Consider this; the more important a paper is the more often it is read. This is 100% true because academic papers are so boring that no one would read them unless they were genuinely interested in the contents.

Before the internet there was no way we could measure how many times a paper was read. All we knew was that a paper was printed. A paper might have sat on 1000 library shelves around the world and never, ever read – to this day.

Hence, in order, to measure the worth of an paper and its author(s), the citation indices were born. A paper is cited because it describes a bunch of things that saves the author of a new paper from writing a bunch of things or, worse still, trying to prove a bunch of things.

Essentially a citation is a valuable short-cut. A short-cut that proves that we are all standing on the shoulders of those that have gone before us.

In the absence of a direct measure of readership, citations were the best proxy we had. But an imperfect proxy at that.

Sometimes, for example, a paper can be heavily cited because it nicely summarises some information that other authors can use in their introductions.
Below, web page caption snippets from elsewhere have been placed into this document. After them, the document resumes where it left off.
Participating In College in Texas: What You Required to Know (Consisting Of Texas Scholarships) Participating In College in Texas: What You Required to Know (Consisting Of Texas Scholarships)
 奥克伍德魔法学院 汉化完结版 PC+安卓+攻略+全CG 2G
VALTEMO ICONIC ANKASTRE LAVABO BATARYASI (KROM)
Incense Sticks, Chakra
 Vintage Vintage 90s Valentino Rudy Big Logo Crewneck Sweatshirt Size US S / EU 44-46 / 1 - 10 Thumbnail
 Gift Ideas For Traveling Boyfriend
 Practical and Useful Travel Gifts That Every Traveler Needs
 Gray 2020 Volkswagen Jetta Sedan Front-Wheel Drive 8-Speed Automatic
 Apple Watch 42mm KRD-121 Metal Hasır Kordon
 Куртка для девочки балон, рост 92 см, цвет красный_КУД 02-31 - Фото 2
Yet in no way does it introduce, for example, new science.

Also, when cited a paper probably has a greater chance of being read by others because they may be compelled to ‘chase’ the reference. A citation is a very poor advertisement for a paper, but it is one nevertheless.

Clearly in this era of e-journals the value of academic papers can be measured directly through readership.

Firstly, however, we need to get papers from behind the paid ‘firewalls’. I often need to read academic papers even though I am not an academic. Just yesterday, for example, I wanted to get a paper on patent enforcement studies in Australia. Wiley’s wanted to charge me $35 for the privilege and I demurred.

Eventually I girded my loins and forced myself to get a copy through the RMIT University library system (which I have access to as an Adjunct); it is so convoluted that in itself it presents a barrier to entry

Fortunately the move away from the old cartel of ‘paid’ journals has already begun. Once it is completed we then need some new indices. Actually we would probably need two indices; one for the level of readership and another as a measure of innovativeness.

Let me explain – a great review, for example, can be highly read but introduce no new (say) science. Don’t get me wrong – a good review is a very valuable thing, but it isn’t the whole picture. In any case, the level of readership can be very easily measured on the internet – Scribd for example measures how many times an article is read and what the ‘engagement time’ is.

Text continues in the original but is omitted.